But it now admits the August incident was an 'outage'

By Gregg Keizer
November 27, 2007 12:00 PM ET

Computerworld - Three months after a major failure of Microsoft's anticounterfeit system fingered legitimate Windows XP and Vista users as pirates, a senior project manager has spelled out the steps his team has taken to prevent a repeat.

Alex Kochis, the senior project manager for Windows Genuine Advantage (WGA), used a company blog to outline new processes that have been put in place, including drills that test the WGA group's response to an outage like the one in late August.

"We've revamped the monitoring that is used to track what's happening within our server infrastructure so that we can identify potential problems faster, ideally before any customer gets impacted," Kochis said. "[And] since August, we have conducted more than a dozen 'fire-drills' designed to improve our ability to respond to issues affecting customers or that could impact the quality of the service."

Those drills, Kochis said, have ranged from pre-announced simulations to surprise alerts that test a specific scenario. "The team is now better prepared overall to take the right action and take it quickly," he promised.

In late August, servers operating the WGA validation system went dark for about 19 hours.

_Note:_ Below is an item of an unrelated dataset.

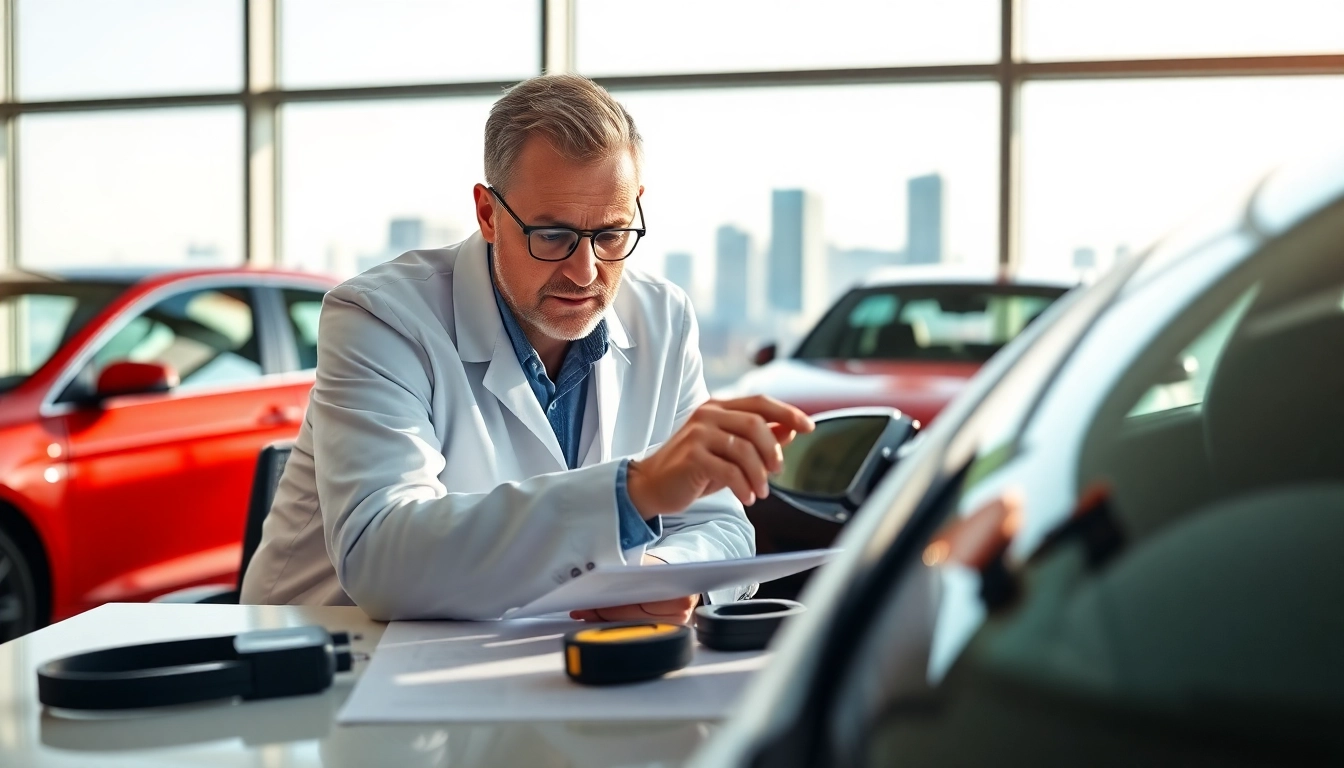 Kfz Gutachten Düsseldorf: Automotive appraisal expert performing detailed inspection.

Customers who tried to validate their copy of Windows -- a Microsoft requirement for both XP and Vista -- during the blackout were pegged as pirates; Vista owners found parts of the operating system had been disabled, including its Aero graphical interface.

Several days after the weekend meltdown, Microsoft blamed preproduction code for the snafu and said that a rollback to earlier versions of the server software didn't fix the problem immediately, as expected.

Microsoft, however, downplayed the incident, claiming that fewer than 12,000 PCs had been affected. The company's support forums, however, hinted that the problem was much more widespread: one message thread had collected over 450 messages within two days and had been viewed by 45,000 people.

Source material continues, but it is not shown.